It was only two Marches ago that Clayton Kershaw emerged from the theoretical to the tangible with his "Public Enemy No. 1" to strike out Sean Casey in an otherwise forgettable Spring Training game. Just two years.
Now, Kershaw is a ripe old 22 years old, and most of the debate about him is whether he'll be great or merely good. And so today, as Kershaw cruises through six innings of his final March outing, striking out seven and walking just one while allowing one run on 99 pitches, Dodger fans don't need to marvel. They just nod and smile. "Yeah, we know."
In two blink-of-an-eye years, Spring Training is no longer a proving ground for Kershaw. It's merely a workout room, a waystation for bigger and hopefully better things.
Update: The latest on Kershaw's improved repertoire, from Dylan Hernandez of the Times:
Clayton Kershaw couldn't throw his curveball for strikes in the first couple of innings Sunday, something that would have spelled trouble at an earlier stage of his career.
But his fastball was working. So was his slider. And changeup.

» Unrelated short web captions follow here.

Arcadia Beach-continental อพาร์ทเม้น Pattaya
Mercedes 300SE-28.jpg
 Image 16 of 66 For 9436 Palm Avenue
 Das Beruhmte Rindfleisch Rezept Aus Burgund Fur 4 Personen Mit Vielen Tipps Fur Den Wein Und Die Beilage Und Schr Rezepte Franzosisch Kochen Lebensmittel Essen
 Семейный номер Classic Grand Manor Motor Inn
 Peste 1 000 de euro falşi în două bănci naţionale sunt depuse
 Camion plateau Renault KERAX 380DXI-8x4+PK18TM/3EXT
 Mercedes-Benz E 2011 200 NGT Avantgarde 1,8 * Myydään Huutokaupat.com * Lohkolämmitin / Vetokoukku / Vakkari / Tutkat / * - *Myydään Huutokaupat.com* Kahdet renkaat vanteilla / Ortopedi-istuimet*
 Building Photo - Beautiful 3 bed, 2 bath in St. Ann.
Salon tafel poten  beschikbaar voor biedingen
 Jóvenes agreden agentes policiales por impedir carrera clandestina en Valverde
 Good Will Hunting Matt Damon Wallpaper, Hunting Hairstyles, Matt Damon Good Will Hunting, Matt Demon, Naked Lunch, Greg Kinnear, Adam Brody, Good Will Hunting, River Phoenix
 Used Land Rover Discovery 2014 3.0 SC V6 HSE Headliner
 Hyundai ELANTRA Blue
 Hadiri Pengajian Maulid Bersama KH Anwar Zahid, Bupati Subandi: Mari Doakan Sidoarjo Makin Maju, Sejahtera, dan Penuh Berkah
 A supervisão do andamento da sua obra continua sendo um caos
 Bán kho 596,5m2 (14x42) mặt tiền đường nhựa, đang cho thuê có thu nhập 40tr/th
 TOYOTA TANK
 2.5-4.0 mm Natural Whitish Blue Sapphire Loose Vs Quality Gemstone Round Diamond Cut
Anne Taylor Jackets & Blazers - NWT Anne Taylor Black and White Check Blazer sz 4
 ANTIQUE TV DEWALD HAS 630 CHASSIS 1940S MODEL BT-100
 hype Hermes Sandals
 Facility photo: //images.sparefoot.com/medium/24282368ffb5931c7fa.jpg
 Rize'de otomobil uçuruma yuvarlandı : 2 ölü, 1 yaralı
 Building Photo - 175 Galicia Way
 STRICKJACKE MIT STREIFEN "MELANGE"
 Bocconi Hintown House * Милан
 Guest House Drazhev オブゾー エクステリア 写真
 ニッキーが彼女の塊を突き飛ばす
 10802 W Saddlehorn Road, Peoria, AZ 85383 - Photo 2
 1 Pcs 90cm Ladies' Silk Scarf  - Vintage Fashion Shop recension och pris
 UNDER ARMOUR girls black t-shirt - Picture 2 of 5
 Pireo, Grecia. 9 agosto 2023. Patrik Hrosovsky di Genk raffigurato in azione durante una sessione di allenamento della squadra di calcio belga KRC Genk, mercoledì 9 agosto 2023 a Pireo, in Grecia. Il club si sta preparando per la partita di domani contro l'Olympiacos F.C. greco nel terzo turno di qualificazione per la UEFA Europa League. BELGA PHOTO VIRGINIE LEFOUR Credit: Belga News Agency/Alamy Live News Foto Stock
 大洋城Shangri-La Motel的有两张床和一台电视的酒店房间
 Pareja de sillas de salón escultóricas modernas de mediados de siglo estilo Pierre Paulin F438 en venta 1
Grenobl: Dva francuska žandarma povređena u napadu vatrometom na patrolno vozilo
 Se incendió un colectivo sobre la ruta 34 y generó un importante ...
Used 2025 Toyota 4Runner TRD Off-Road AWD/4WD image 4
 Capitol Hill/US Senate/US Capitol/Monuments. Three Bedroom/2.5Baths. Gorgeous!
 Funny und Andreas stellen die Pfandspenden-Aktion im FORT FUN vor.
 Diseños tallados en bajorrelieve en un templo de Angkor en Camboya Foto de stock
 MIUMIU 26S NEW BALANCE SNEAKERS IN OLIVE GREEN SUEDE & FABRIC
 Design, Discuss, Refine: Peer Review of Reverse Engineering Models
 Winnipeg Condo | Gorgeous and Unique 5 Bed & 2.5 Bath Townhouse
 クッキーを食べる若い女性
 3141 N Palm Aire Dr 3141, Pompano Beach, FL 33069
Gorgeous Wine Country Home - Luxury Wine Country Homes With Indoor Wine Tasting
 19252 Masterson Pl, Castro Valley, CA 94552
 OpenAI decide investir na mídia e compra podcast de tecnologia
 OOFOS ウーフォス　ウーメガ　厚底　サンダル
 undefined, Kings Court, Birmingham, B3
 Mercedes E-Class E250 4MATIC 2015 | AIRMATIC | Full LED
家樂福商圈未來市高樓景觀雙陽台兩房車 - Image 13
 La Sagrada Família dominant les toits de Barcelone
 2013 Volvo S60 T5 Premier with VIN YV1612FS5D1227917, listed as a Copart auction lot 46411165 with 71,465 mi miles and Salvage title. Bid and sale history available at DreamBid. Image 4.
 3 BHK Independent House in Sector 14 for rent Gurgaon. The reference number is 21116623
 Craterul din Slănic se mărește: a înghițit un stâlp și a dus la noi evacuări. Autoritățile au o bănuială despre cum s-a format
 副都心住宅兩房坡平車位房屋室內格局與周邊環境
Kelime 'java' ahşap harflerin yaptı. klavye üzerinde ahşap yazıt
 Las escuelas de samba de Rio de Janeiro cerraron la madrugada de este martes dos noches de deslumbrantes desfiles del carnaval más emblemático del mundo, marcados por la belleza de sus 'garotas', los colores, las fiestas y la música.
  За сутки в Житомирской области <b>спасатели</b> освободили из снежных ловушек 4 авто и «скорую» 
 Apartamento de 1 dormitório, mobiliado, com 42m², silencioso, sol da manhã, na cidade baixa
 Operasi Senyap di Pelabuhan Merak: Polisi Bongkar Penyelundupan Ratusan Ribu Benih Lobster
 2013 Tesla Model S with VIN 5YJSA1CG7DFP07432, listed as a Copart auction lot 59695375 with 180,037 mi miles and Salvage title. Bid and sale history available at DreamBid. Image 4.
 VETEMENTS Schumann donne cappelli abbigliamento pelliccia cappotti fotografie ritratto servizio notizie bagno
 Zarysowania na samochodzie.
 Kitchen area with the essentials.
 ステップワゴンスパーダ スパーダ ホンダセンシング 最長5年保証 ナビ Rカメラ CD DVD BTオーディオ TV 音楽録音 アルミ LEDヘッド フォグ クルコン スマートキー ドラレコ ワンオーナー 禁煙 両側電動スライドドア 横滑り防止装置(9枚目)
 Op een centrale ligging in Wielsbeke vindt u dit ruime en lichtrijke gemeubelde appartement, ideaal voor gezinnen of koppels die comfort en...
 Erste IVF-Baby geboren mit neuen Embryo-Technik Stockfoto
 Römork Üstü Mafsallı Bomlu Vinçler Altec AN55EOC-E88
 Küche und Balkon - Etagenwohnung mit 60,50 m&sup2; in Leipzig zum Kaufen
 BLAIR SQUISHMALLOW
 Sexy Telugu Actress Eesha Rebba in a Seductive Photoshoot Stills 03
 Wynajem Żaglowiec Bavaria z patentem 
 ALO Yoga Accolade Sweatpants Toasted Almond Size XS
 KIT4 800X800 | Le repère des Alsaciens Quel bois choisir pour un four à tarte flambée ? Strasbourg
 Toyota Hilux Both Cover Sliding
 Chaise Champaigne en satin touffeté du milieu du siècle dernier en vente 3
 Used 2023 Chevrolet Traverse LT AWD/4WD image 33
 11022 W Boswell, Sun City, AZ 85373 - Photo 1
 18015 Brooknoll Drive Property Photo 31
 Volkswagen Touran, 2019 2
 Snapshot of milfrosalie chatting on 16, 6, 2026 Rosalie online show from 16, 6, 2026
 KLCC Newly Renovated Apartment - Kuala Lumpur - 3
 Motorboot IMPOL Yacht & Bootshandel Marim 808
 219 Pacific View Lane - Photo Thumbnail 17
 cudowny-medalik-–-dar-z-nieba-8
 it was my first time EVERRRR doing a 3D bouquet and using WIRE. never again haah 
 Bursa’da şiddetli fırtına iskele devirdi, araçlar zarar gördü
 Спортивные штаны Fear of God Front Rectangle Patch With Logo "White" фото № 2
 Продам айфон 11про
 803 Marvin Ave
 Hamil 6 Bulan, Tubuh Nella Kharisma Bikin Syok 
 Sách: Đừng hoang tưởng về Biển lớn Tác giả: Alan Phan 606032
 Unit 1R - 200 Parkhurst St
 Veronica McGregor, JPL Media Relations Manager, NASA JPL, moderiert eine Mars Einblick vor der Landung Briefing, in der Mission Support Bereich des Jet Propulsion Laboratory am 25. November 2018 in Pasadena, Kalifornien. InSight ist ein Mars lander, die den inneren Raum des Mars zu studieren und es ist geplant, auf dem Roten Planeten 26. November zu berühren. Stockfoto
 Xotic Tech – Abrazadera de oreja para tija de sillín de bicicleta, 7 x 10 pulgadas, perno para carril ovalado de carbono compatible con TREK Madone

According to a chart kept by pitching coach Rick Honeycutt, Kershaw threw seven of eight changeups for strikes and recorded three outs with the pitch. Seven of his nine sliders were thrown for strikes.
Relying on the two relatively new weapons in his arsenal, Kershaw was able to bide time until his curveball started dropping into strike zone. He exited his final Cactus League start having held the Cincinnati Reds to one run, six hits and one walk over six innings. ...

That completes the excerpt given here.